I dropped out of school in first grade. Yes, before coming to Columbia, my only memories of being enrolled in a school—repetitive lessons on the alphabet and other kids stamping on my sandcastles—were from pre-K and kindergarten, and ever since then I was proud to call myself a home-schooler. Growing up, I always had several home-schooled friends, and nearly everyone I met had some secondhand knowledge of the home-school community.
So, I’ve been surprised that most Columbians tell me, “You’re the first home-schooler I’ve ever met,” or even, “I didn’t know there were home-schoolers at Columbia.” There is indeed a home-school presence on campus—I personally know of six other undergraduates who were home-schooled, and I’m sure there are more. And most other Columbians have been friendly and curious, especially about the transition between home schooling and college. There seems to be an unspoken assumption that home schooling is significantly different than the typical high school experience, and that therefore the transition is simply harder. But, based on my experience, I believe the opposite is true: Home schooling is actually more similar to college than traditional high school, making the transition a lot smoother.
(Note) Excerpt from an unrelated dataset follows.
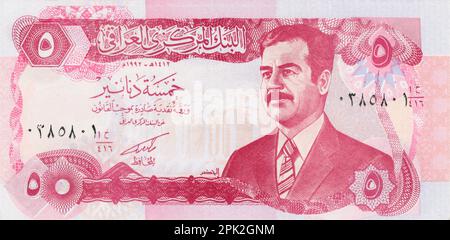 Blick auf die Beobachterseite eines irakischen 5-Dinar, ausgestellt 1992 mit Saddam Hussein Picture in the Middle, IT's Not in Circulation. Stockfoto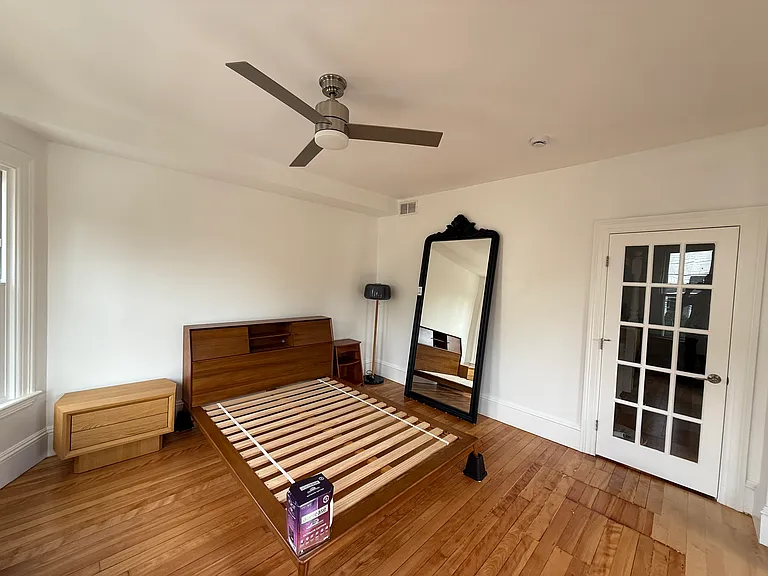 96 Munroe St #3 — Photo 32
Consider one of the first tasks a first-year student must confront: selecting courses. The process of high school course selection is much more straightforward, with fewer options, fewer variables, and overall less independence and responsibility granted to the student. For example, Columbia College offers over 80 areas of study whereas the local high school I could have attended had six academic departments. In contrast, in the last four or five years of my home schooling, each semester I would choose my courses from the combined offerings of two local universities, two local community colleges, five reputable online schools, and local tutors, with the additional option of self-study—an overwhelming array of options. As you can imagine, making this biannual choice was chaotic and difficult, but I learned to set goals for each semester and find courses that would match them. I learned what to look for in a teacher, and I became adept at dealing with potential scheduling conflicts. By the time I got to Columbia, I had already taken my education into my own hands, and I was used to making confident decisions in the face of overwhelming options. Course selection was still stressful, but I marveled at how much easier it was to choose from only one school’s course catalog rather than nine.
Likewise, consider the scheduling system. The way I saw it, my friends who went to high schools started their day at some ungodly hour of the morning while I was still blissfully sleeping, then had all of their classes in a row with a break for lunch and possibly a free period, then sports or other extracurricular activities, and only then did their homework and went to bed. I should also note that all of their classes usually met every weekday. In contrast, I had classes which either met once a week or twice a week at different times of the day, as in college. So, each weekday I would have one to three classes, and I would have to plan time for studying, exercise, extracurricular activities, and socializing (yes, home-schoolers do socialize) around my classes—exactly like college. I may not have always followed my own schedules, but I have had years of experience with a college-style scheduling system.
Course selection and scheduling are just two of the ways that both home schooling and college grant a level of responsibility and require a level of organization beyond that of high school.
I could give many more examples of how my home-school experience has eased the transition, but the ultimate home-school advantage was the freedom to pursue my own interests—e.g. studying Greek in middle school, learning to sew historical costumes, spending school days at the state capitol lobbying for campaign finance reform—and, ultimately, the freedom to explore and to become myself. Here at Columbia, I’m surrounded by truly amazing students who have excelled in a traditional school setting. I don’t think I would have been one of them. Instead, I think I would have left the soul-crushing, sandcastle-crushing environment of traditional school as a mediocre student. Columbians have taken diverse paths to get here, and we should celebrate and share them. In my case, home schooling is an incredible privilege—one that sadly isn’t available to most families—and so I’m deeply grateful to be here at Columbia, thanks to the home-school advantage.
The author is a current Columbia College first-year studying political science.